**Problem:**
The output should contain the listing word for word and no pictures.

**Raw data:**
────
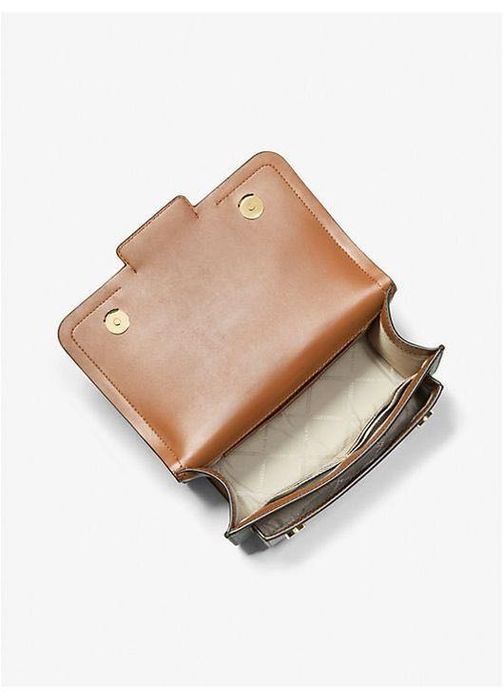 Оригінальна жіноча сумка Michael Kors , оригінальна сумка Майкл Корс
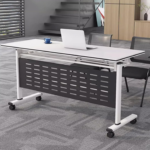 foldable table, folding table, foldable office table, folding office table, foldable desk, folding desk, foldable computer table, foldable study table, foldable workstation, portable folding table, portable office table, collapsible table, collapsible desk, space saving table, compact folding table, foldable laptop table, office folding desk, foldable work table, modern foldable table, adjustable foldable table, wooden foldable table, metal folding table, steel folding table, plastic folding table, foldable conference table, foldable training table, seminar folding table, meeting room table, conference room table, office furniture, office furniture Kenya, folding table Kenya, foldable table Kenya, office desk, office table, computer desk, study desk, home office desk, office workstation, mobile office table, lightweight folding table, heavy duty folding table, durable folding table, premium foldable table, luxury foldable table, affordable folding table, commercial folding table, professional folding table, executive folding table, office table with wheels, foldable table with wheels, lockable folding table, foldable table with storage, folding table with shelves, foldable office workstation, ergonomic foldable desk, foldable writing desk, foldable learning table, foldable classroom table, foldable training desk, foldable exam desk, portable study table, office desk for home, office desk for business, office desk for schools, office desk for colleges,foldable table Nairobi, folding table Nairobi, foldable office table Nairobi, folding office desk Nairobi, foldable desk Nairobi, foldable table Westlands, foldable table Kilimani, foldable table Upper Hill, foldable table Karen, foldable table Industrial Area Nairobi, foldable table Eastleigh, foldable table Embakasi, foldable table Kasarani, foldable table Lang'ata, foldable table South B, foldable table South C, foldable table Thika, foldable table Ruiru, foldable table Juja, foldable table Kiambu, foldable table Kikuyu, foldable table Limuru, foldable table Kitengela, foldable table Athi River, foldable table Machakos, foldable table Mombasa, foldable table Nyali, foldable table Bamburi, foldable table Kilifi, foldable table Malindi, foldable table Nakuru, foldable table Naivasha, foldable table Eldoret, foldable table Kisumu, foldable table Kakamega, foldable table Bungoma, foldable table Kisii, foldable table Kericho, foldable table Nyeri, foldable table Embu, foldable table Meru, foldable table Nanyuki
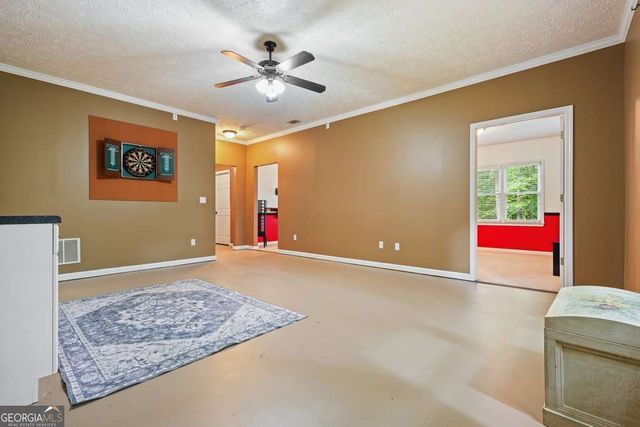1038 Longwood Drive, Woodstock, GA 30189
────
**The completed task:**
 Оригінальна жіноча сумка Michael Kors , оригінальна сумка Майкл Корс
 foldable table, folding table, foldable office table, folding office table, foldable desk, folding desk, foldable computer table, foldable study table, foldable workstation, portable folding table, portable office table, collapsible table, collapsible desk, space saving table, compact folding table, foldable laptop table, office folding desk, foldable work table, modern foldable table, adjustable foldable table, wooden foldable table, metal folding table, steel folding table, plastic folding table, foldable conference table, foldable training table, seminar folding table, meeting room table, conference room table, office furniture, office furniture Kenya, folding table Kenya, foldable table Kenya, office desk, office table, computer desk, study desk, home office desk, office workstation, mobile office table, lightweight folding table, heavy duty folding table, durable folding table, premium foldable table, luxury foldable table, affordable folding table, commercial folding table, professional folding table, executive folding table, office table with wheels, foldable table with wheels, lockable folding table, foldable table with storage, folding table with shelves, foldable office workstation, ergonomic foldable desk, foldable writing desk, foldable learning table, foldable classroom table, foldable training desk, foldable exam desk, portable study table, office desk for home, office desk for business, office desk for schools, office desk for colleges,foldable table Nairobi, folding table Nairobi, foldable office table Nairobi, folding office desk Nairobi, foldable desk Nairobi, foldable table Westlands, foldable table Kilimani, foldable table Upper Hill, foldable table Karen, foldable table Industrial Area Nairobi, foldable table Eastleigh, foldable table Embakasi, foldable table Kasarani, foldable table Lang'ata, foldable table South B, foldable table South C, foldable table Thika, foldable table Ruiru, foldable table Juja, foldable table Kiambu, foldable table Kikuyu, foldable table Limuru, foldable table Kitengela, foldable table Athi River, foldable table Machakos, foldable table Mombasa, foldable table Nyali, foldable table Bamburi, foldable table Kilifi, foldable table Malindi, foldable table Nakuru, foldable table Naivasha, foldable table Eldoret, foldable table Kisumu, foldable table Kakamega, foldable table Bungoma, foldable table Kisii, foldable table Kericho, foldable table Nyeri, foldable table Embu, foldable table Meru, foldable table Nanyuki
1038 Longwood Drive, Woodstock, GA 30189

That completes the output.